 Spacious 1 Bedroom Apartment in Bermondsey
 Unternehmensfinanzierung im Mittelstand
******
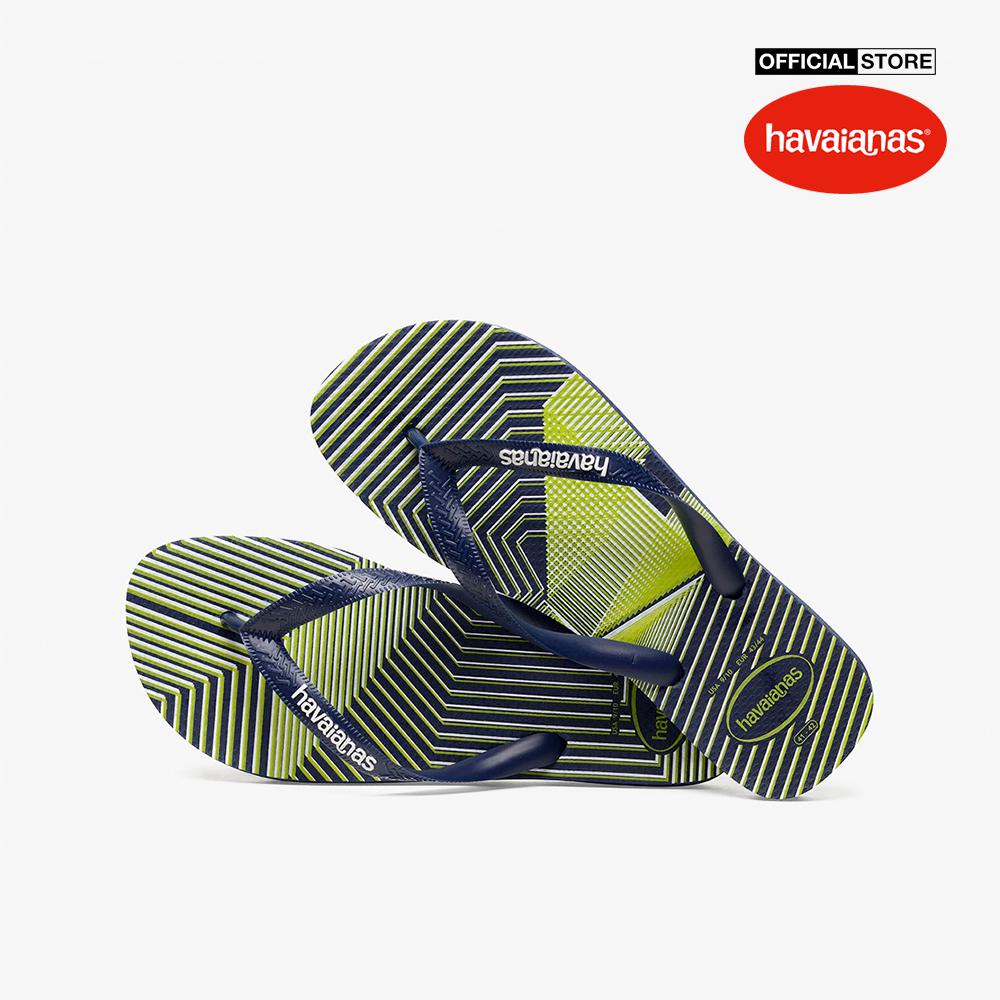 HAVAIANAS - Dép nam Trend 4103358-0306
******
Nothing should appear in the answer except the lines above from the line with "Spacious 1 Bedroom Apartment in Bermondsey" through the line with "Unternehmensfinanzierung im Mittelstand", both included, written out exactly.

 Spacious 1 Bedroom Apartment in Bermondsey
 Unternehmensfinanzierung im Mittelstand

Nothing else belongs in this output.